■ EXERCISE DETAILS ■
An image-free, exact copy of the records below is required.

(Source data)
####

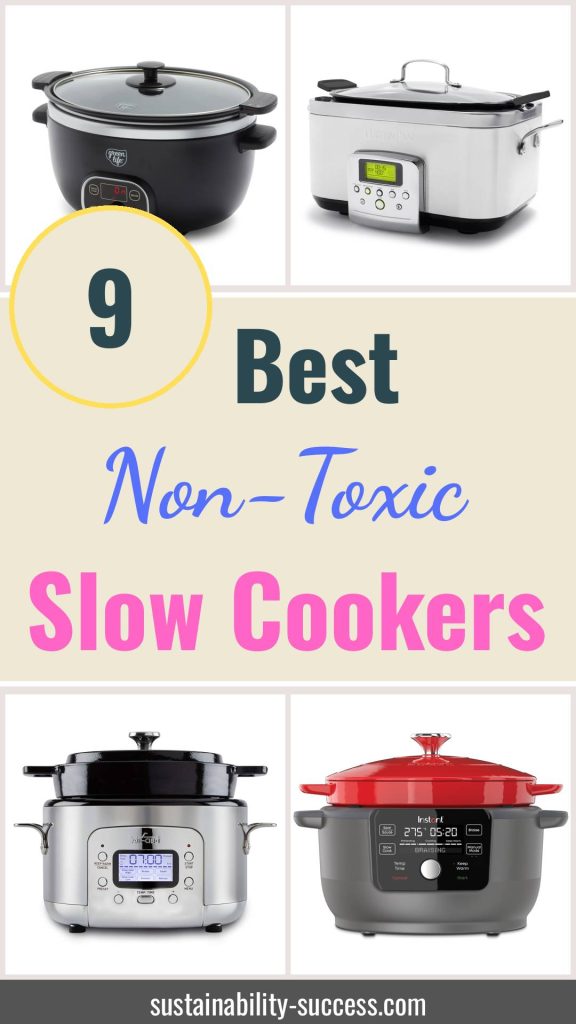 9 Best Non-Toxic Slow Cookers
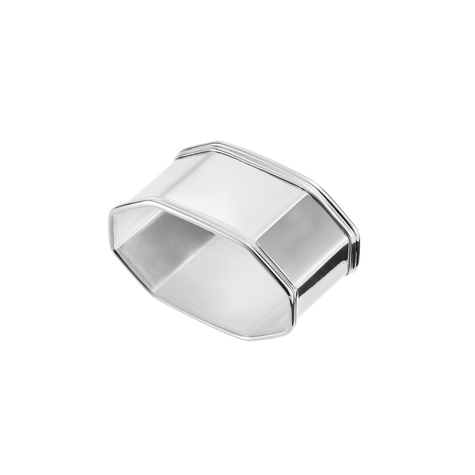 Christofle Anne Silver Plated Napkin Ring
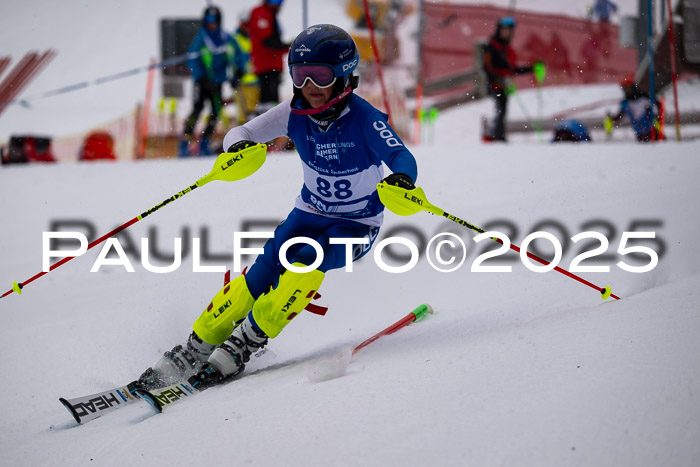 BSV Skiliga Bayern Schüler SL 12.01.2025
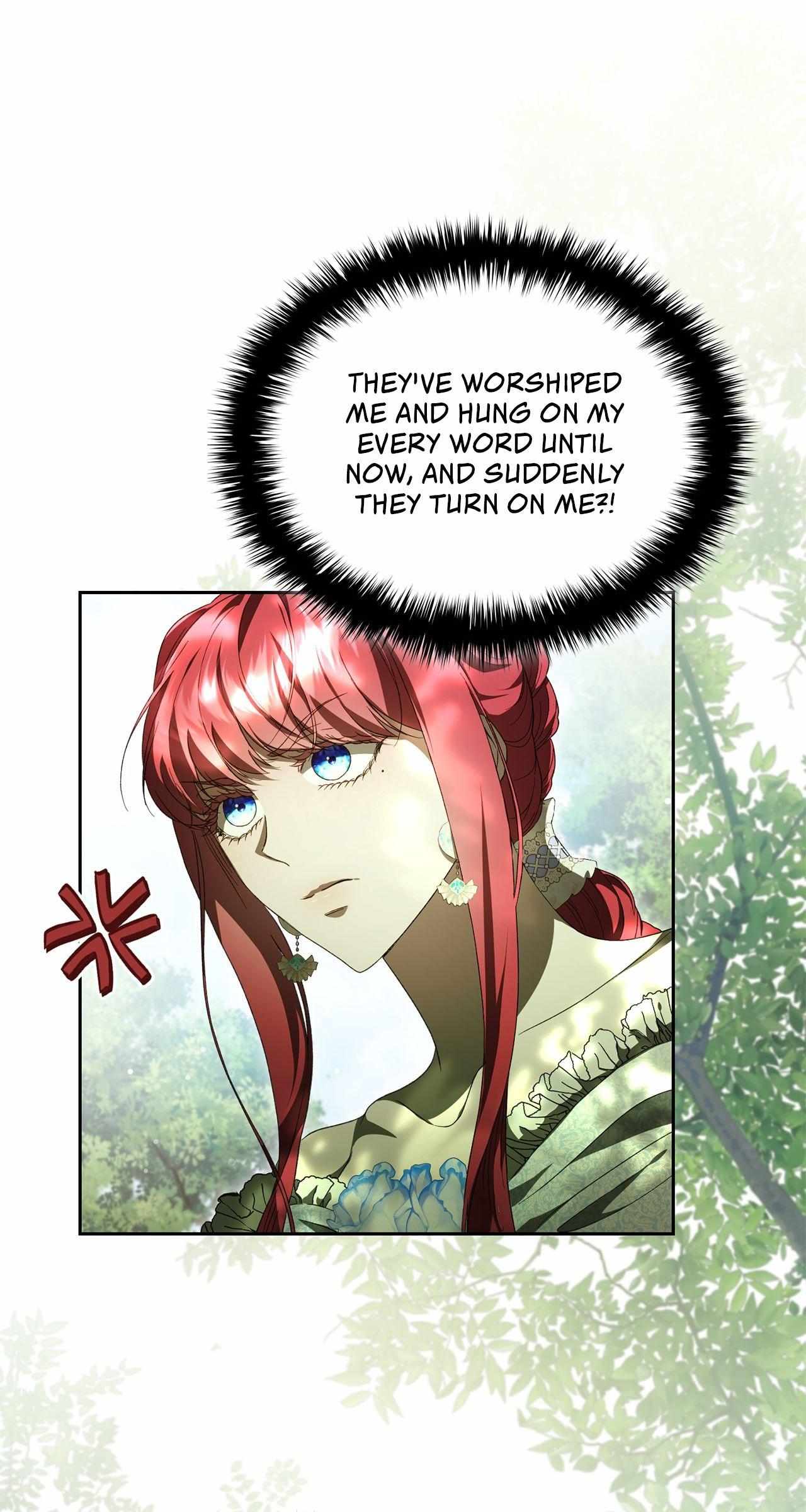 The Stone Thrown in the Lake Chapter 50 page 4 - 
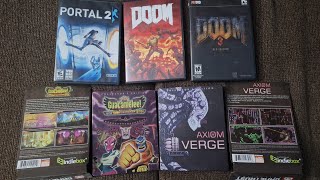 Valve (PC) vs Sony: Discontinuation of physical Media.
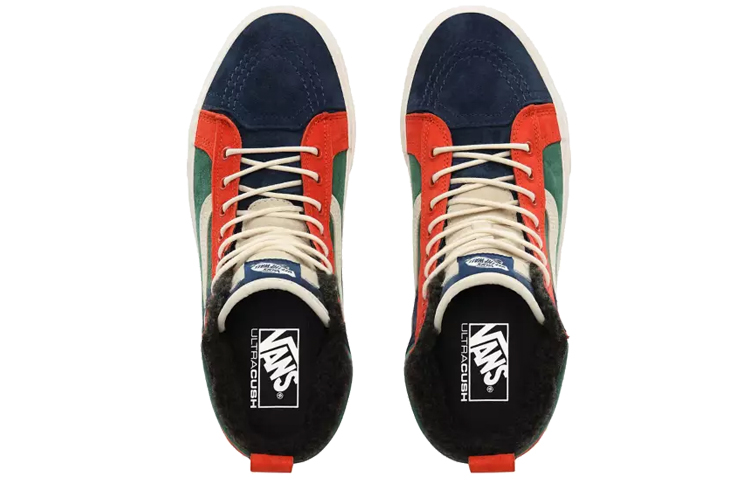 Shop Vans Sk8-Hi 46 MTE DX 'Fairway' 高帮滑板鞋 VN0A3DQ5TU8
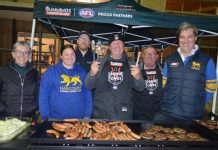 Buzz recognised as a ‘Legend of the Tongs’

####

■ RESULT ■
 9 Best Non-Toxic Slow Cookers
 Christofle Anne Silver Plated Napkin Ring
 BSV Skiliga Bayern Schüler SL 12.01.2025
 The Stone Thrown in the Lake Chapter 50 page 4 - 
 Valve (PC) vs Sony: Discontinuation of physical Media.
 Shop Vans Sk8-Hi 46 MTE DX 'Fairway' 高帮滑板鞋 VN0A3DQ5TU8
 Buzz recognised as a ‘Legend of the Tongs’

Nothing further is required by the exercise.